Chapter 7. World in Motion

Table of Contents

World Space
Primitive Drawing
Shared Uniforms
The Perils of World Space
In Review
Glossary

In this tutorial, we will show how to build a world of objects with a dynamic, moving camera.

World Space

In the perspective projection tutorial, we defined a projection matrix that transforms objects from a specific camera space to clip-space. This camera space was defined primarily to make our perspective transformation as simple as possible. The camera itself sits immobile at the origin (0, 0, 0). The camera always looks down the Z axis, with objects that have a negative Z being considered in front of the camera.

All of the tutorials we have seen since then have had model transformations that go directly to camera space. While this functions, it is not as useful as it could be. Camera space is not a particularly flexible space. If we want to have a moving camera, obviously something needs to change.
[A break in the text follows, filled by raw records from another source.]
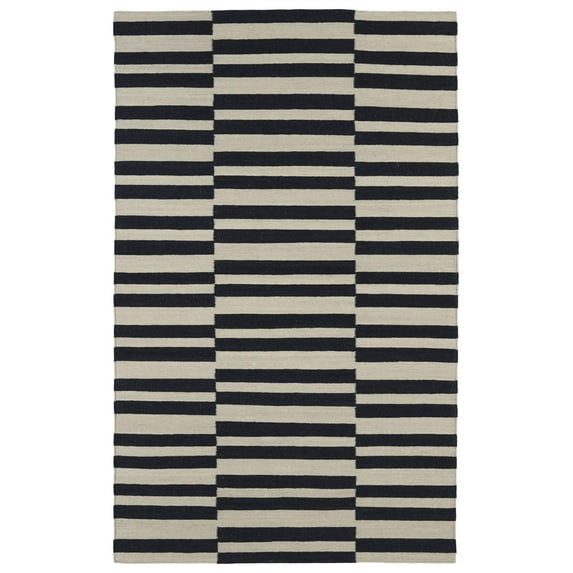 Kaleen Nomad NOM01 Black 2'6" x 8' Rug
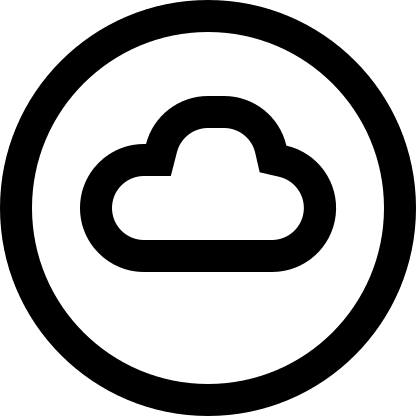 Circular Cloud Design Free Open-Source SVG Icon (Pepicons Pop!)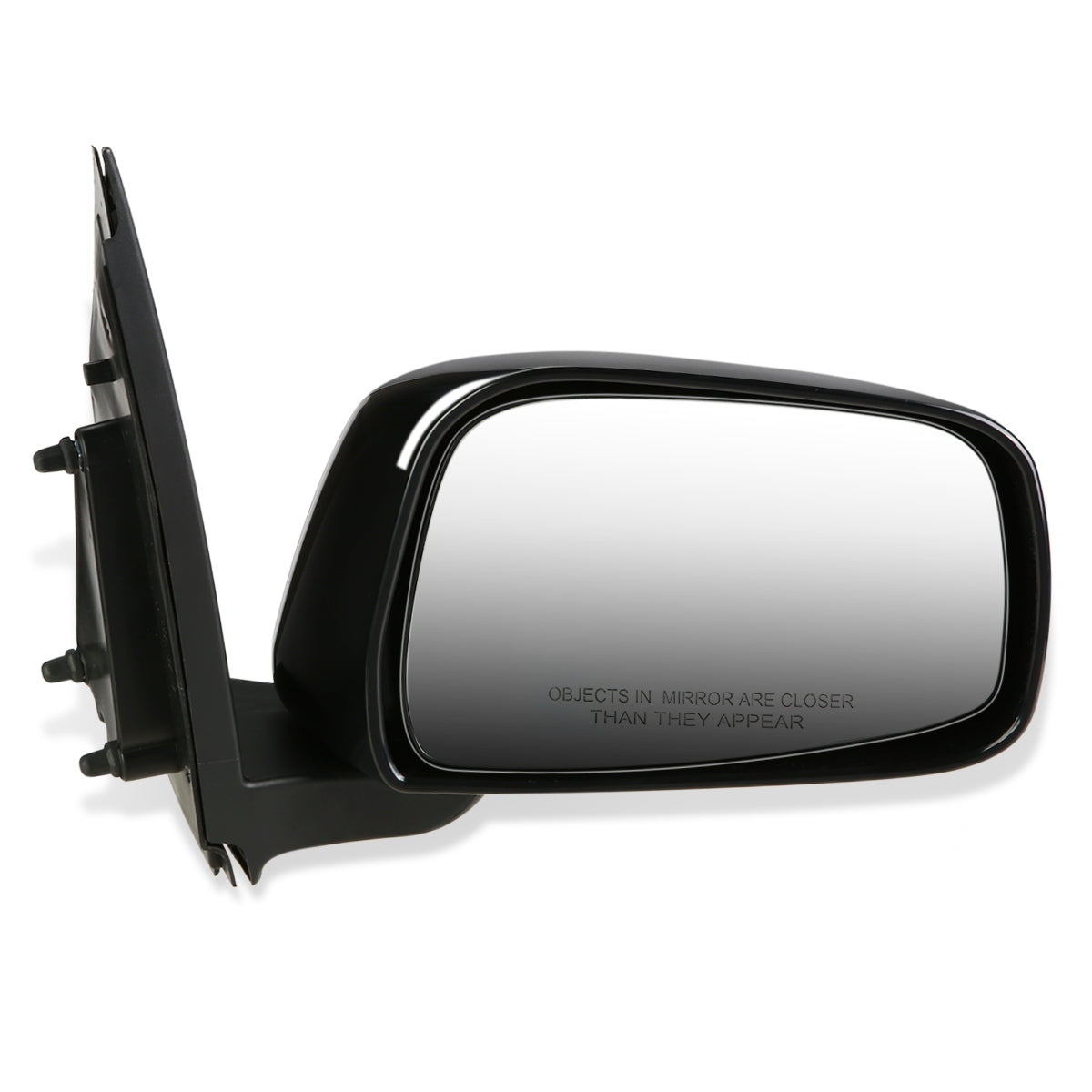 RETROVISOR MIRROR - OEM - 05-15 NISSAN FRONTIER / 05-15 NISSAN XTERRA - MANUAL - TEXTURED - BLACK - RIGHT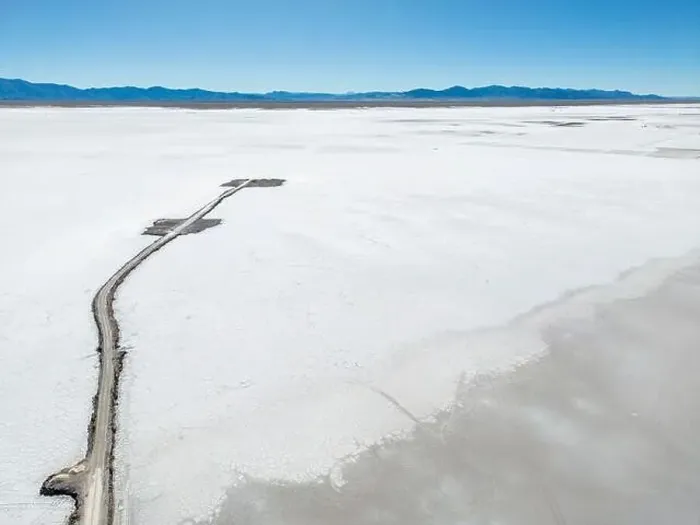 Framed Print : Aerial view of the huge salt flats Salinas Grandes de Jujuy in northern Argentina while traveling South America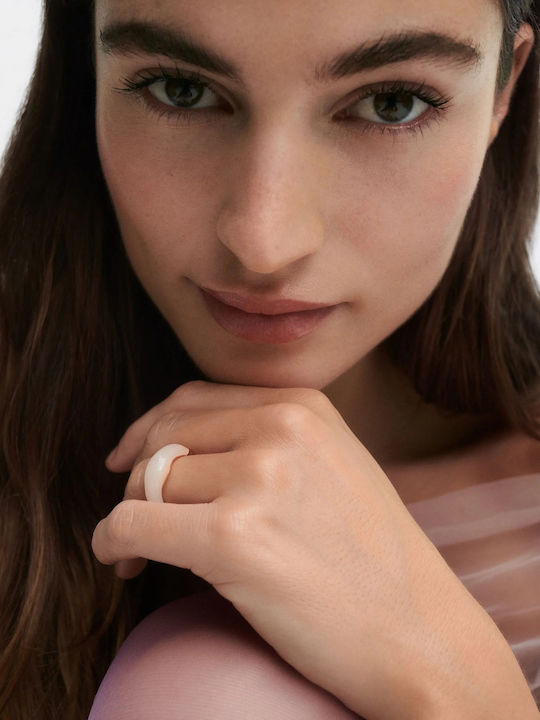 P D Paola Damen Ring mit Steinen aus Silber Vergoldet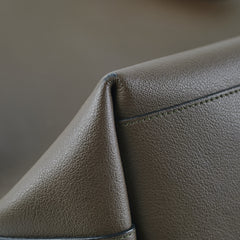 Saint Laurent Olive Green/Grey Tote
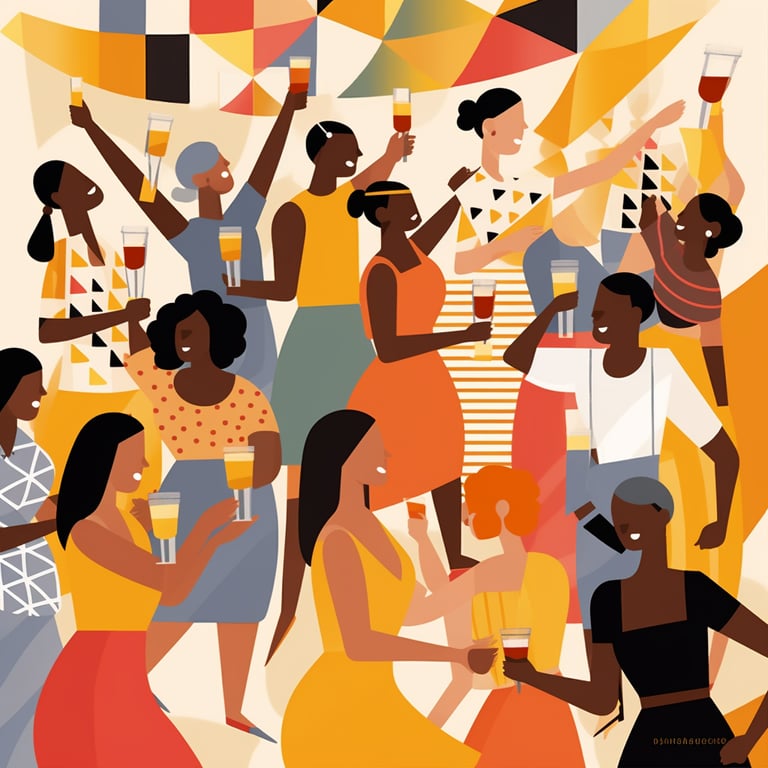 Joyful Multicultural Block Party Mid-Journey Prompt | NeoPrompt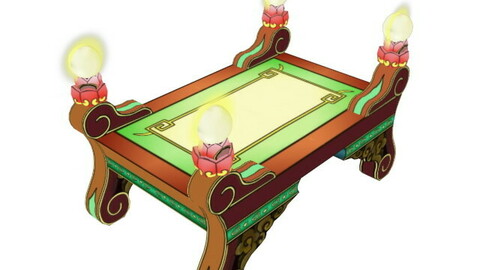 Model - Intra Family Objects - Coffee Table 05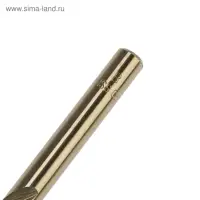 Сверло по металлу ТУНДРА, HSS-Co (5% кобальта), цилиндрический хвостовик, 8&times;115 мм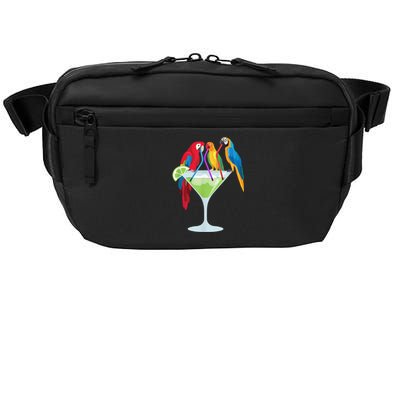 Parrots Drinking Margarita Tropical Vacation Hawaiian Birds Crossbody Pack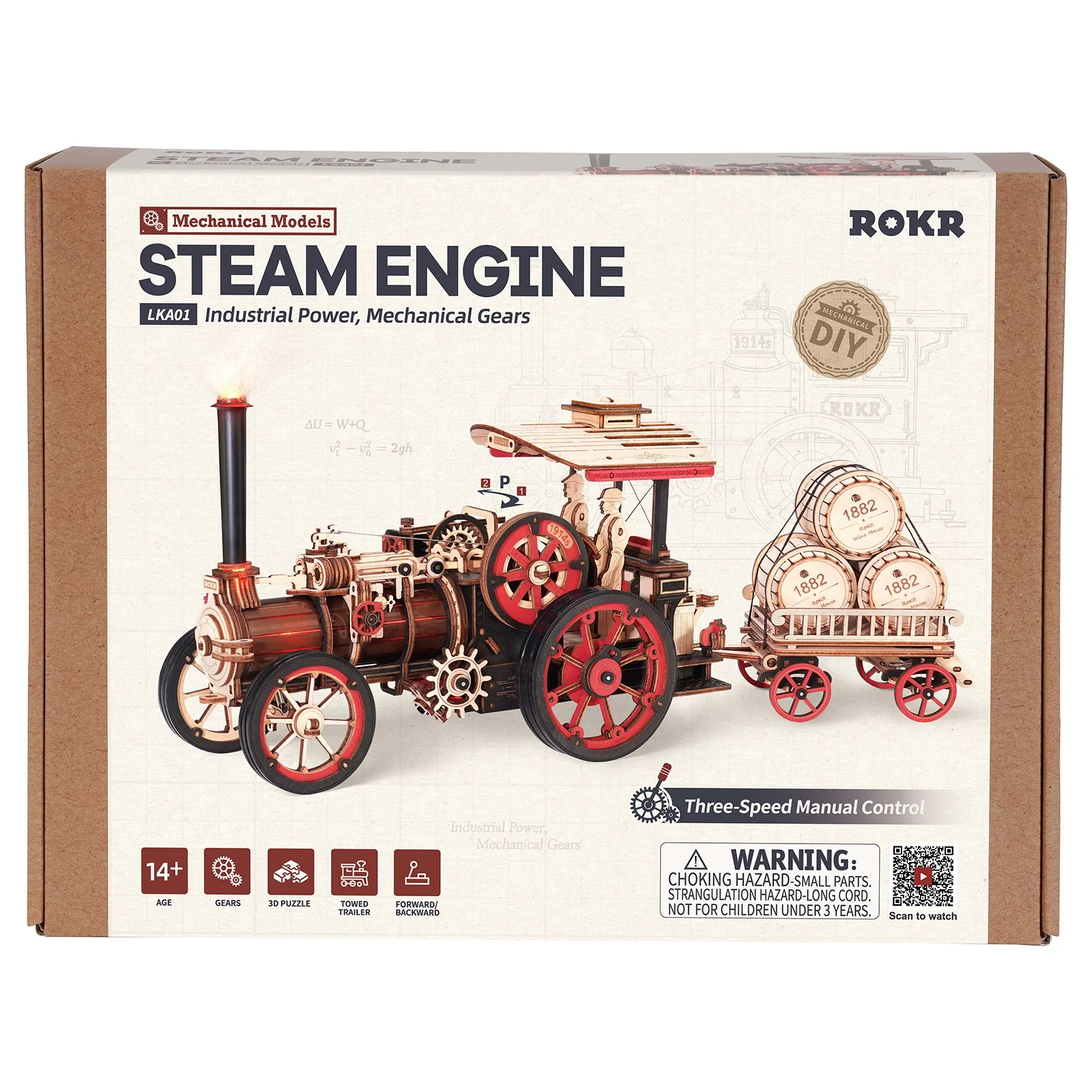 Robotime Steam Engine LKA01 - Image 2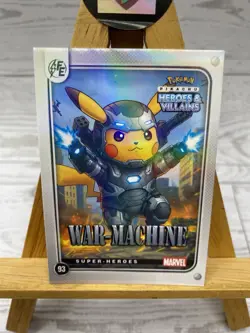 Pikachu as War Machine Holo Heroes & Villains Flash Edition Non-Pokemon Fan Art - Image 2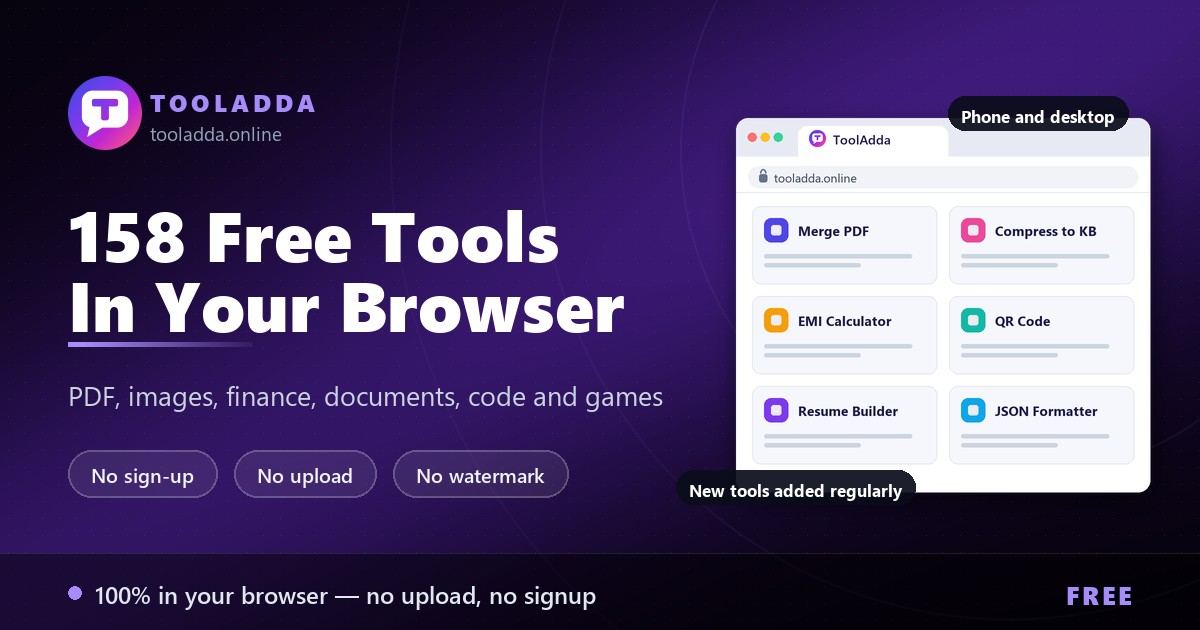 ToolAdda screenshot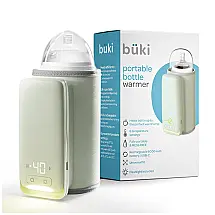 Aquecedor de Mamadeiras para Leite Materno ou Fórmula com Bateria Recarregável, KinderSense, Verde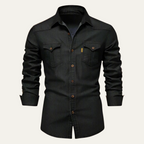 Chemise homme à poches poitrine boutonnées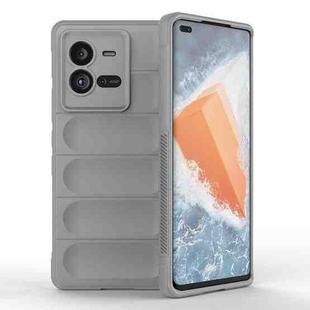 For vivo iQOO 10 Pro 5G Magic Shield TPU + Flannel Phone Case(Grey)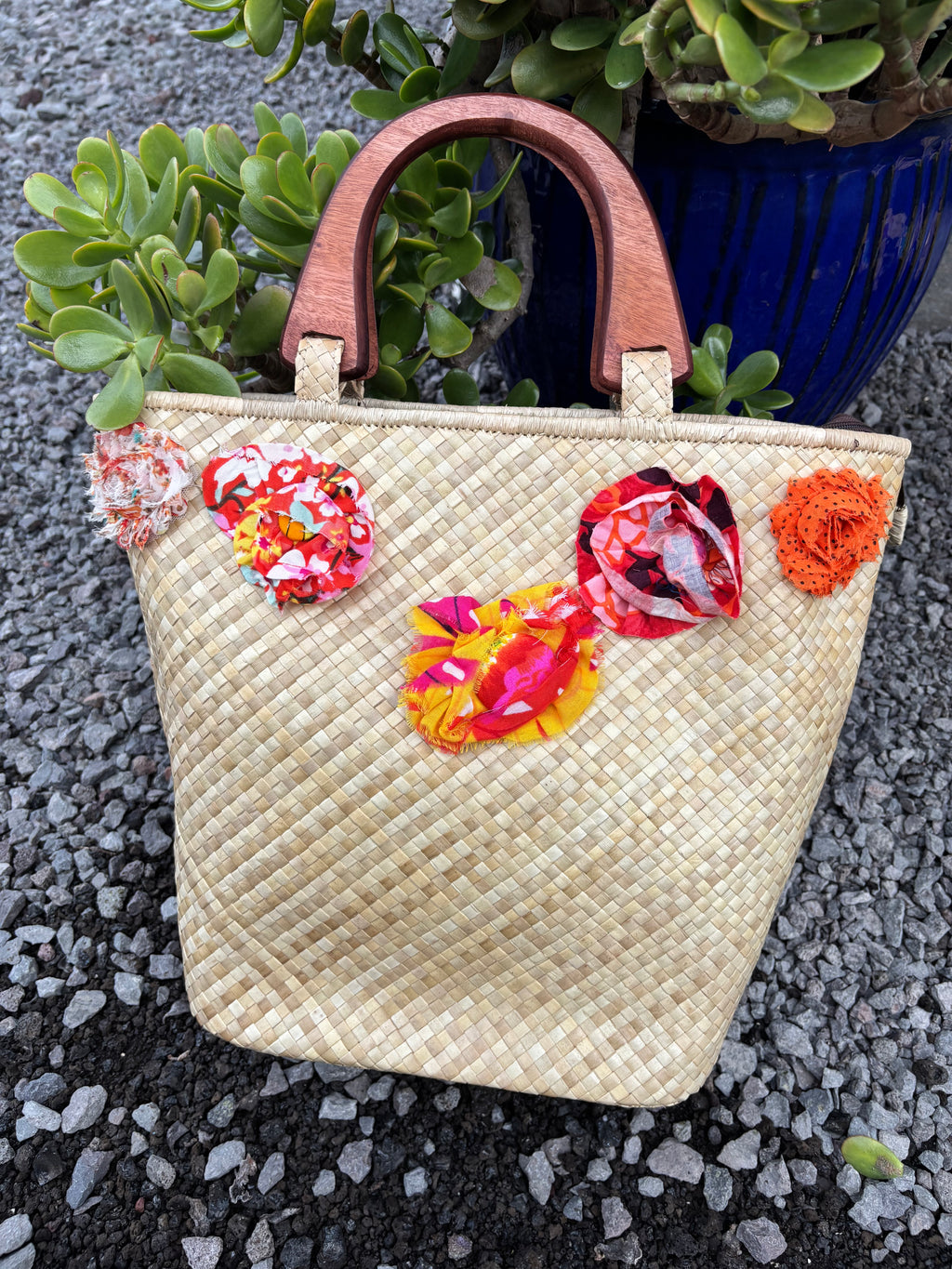 Lauhala Pua ‘Eke Tote Handbag - Summer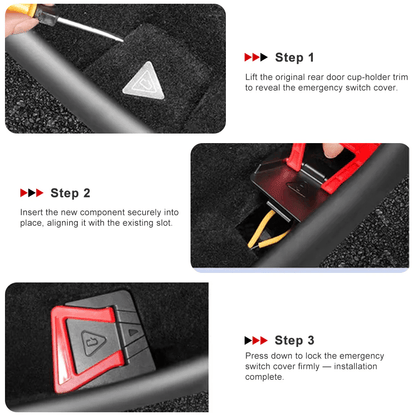 Model Y Juniper Rear Door Emergency Release Pull Handle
We could modify our perspective matrix generation functions, so that we can project onto a camera that has an arbitrary position and orientation. But really, that's too much work; camera space itself works just fine for our needs. It would be easier to just introduce an additional transformation.

Defining the World

Right now, the problem is that we transform all of the objects from their individual model spaces to camera space directly. The only time the objects are in the same space relative to one another is when they are in camera space. So instead, we will introduce an intermediate space between model and camera space; let us call this space world space.

All objects will be transformed into world space. The camera itself will also have a particular position and orientation in world space. And since the camera has a known space, with a known position and orientation relative to world space, we have a transformation from world space to camera space. This also neatly explains why camera space is so named: it is the space where the world is expressed relative to the camera.

So, how do we define world space? Well, we defined model space by fiat: it's the space the vertex positions are in. Clip-space was defined for us. The only space thus far that we have had a real choice about is camera space. And we defined that in a way that gave us the simplest perspective projection matrix.

The last part gives us a hint. What defines a space is not the matrix that transforms to that space, but the matrix that transforms from that space. And this makes sense; a transformation matrix contains the basis vector and origin of the source space, as expressed in the destination coordinate system. Defining world space means defining the world-to-camera transform.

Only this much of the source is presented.